### PROBLEM TO SOLVE
Copy all the data exactly, except the pictures.
[[ MATERIAL FOR THIS EXERCISE open ]]
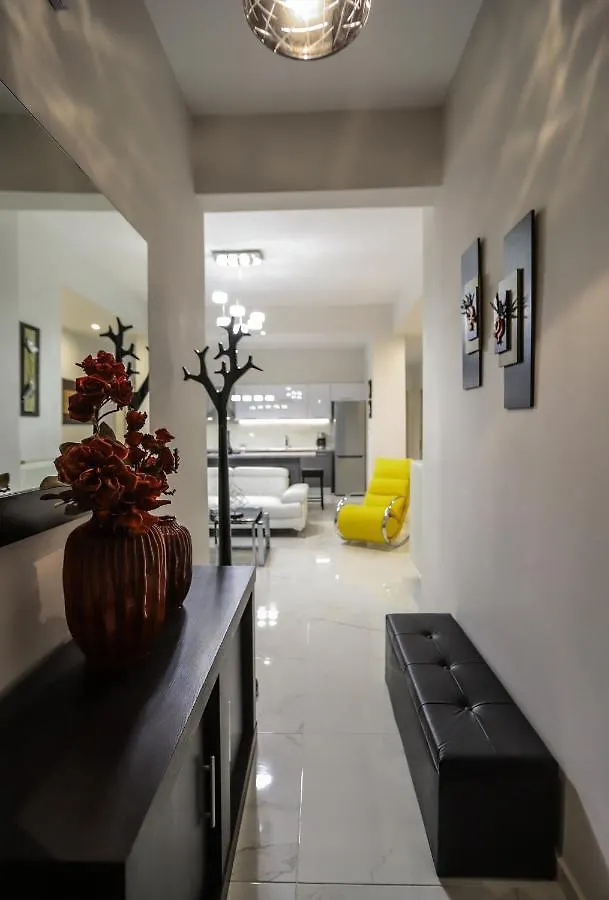 Erythrina #Colony_Deluxe_Suite Thessaloniki 0*,
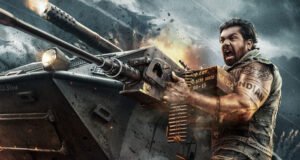 Dhruva Sarja's 'Martin' trailer promises an action extravaganza - Watch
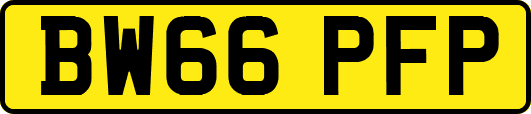 BW66PFP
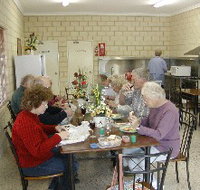 Banksia Tourist Park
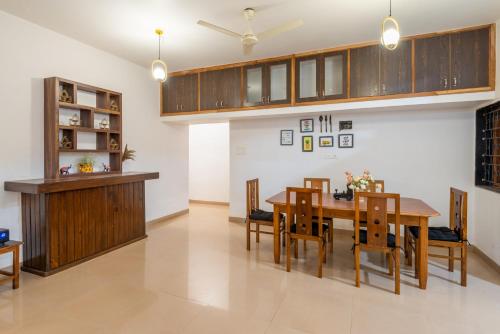 Φωτογραφία από το άλμπουμ του 5 bhk villa with swimming pool σε Loutolim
[[ MATERIAL FOR THIS EXERCISE closed ]]
### REPLY TO THE EXERCISE
 Erythrina #Colony_Deluxe_Suite Thessaloniki 0*,
 Dhruva Sarja's 'Martin' trailer promises an action extravaganza - Watch
 BW66PFP
 Banksia Tourist Park
 Φωτογραφία από το άλμπουμ του 5 bhk villa with swimming pool σε Loutolim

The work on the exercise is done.